The Software Environment for the Advancement of Scholarly Research (SEASR.org), funded by the Andrew W. Mellon Foundation, provides a research and development environment capable of powering leading-edge digital humanities initiatives.
Find more information about THATCamp:
- See the full schedule.
- Contribute to the wiki.
- Follow the Twitter conversation
- Check out the Flickr stream of tagged photos.
- Browser the relevant bookmarks on Delicious.
Multiple tools for analysis, including visualizations like word clouds.
The data source is up to you.
Everything runs on the web, so you can log in from anywhere online.
The SEASR server is available for download, if you like, so you can run it on your own server.
Point it to a directory of documents and it will analysis all of them.
Currently, much of the data is being pulled from http://MONKproject.org (which is much better edited than what you’ll find on http://Gutenberg.org) and http://JSTOR.org is also on the horizon.
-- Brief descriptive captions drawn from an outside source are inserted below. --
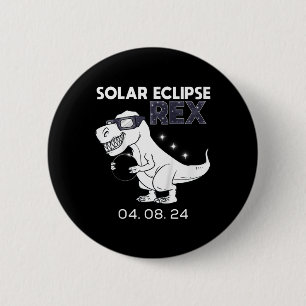 Kids Solar Eclipse T Rex 04.08.2024 Dino Fun Toddl 6 Cm Round Badge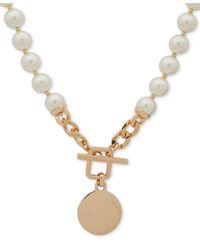 Anne Klein - Gold-tone Disc Imitation Pearl Beaded 16" Pendant Necklace - Lyst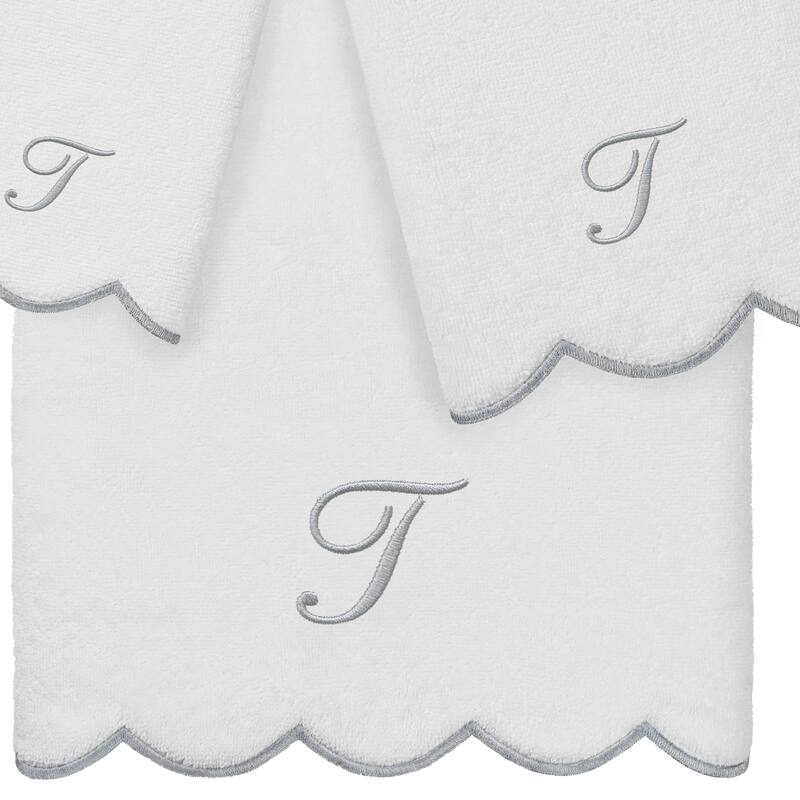 Authentic Hotel and Spa 100% Turkish Cotton Grey ADORNIA Scallop Personalized 3 Piece Towel Set - 3 Piece Set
The API for a text collection is important so that the collection is open to analytical tools like SEARS.
There’s a http://Zotero.org plugin: http://seasr.org/documentation/zotero/
From Zotero, choose an item or a collection of items and send it for analysis.
Extract dates from a sentence and then render them in a Simile timeline (http://www.simile-widgets.org/timeline/). While the algorithm understands something as specific as “the summer of 1850” but not “yesterday,” “today,” or “tomorrow” because the relative date to which those terms refer could be unclear. However, the document XML can be tweaked by a user to make those terms correspond to more specific times.
So far, no formal evaluation of the tools to see how teachers and scholars are using (or might use) these tools.
Audience says that they’d gladly provide some testing of these tools.
SEASR has, however, led workshops where participants have gone away with the software installed on their own machines so that they can run their own analyses and tweak how it runs.
Sounds like Tanya Clement made use of these tools for her work with The Making of Americans.
SEASR can provide 5 different “flows” of data. Flows are “data management, analysis and visualization tasks.”
View examples at http://seasr.org/documentation/example-flows/
Potential issue with users downloading their own copy of SEASR and tweaking for their own purposes: how can others replicate the findings of Researcher A if Researcher A’s version of a particular flow is idiosyncratic?
Answer: Researcher A can make their particular flow publicly available for others to read. Versioning flows and versioning components becomes potentially overwhelming.
Future desired plan: create “SEASR Central” that will (like Firefox plugins, say, or Apple’s App Store) be the official repository for flows and components, complete with authoritative version numbers.
Dynamic Visualization of Music Classification Systems (uses SEASR) http://nema.lis.uiuc.edu/demo/blinkie/nema.htm
Discussion of modeling, genre, and “mood” wrt music. I’m not sure that what I’m taking away from this part of the conversation is what I’m supposed to be taking away. Kind of out of my area of expertise.
Feed the program more data, train it more extensively, and its accuracy increases.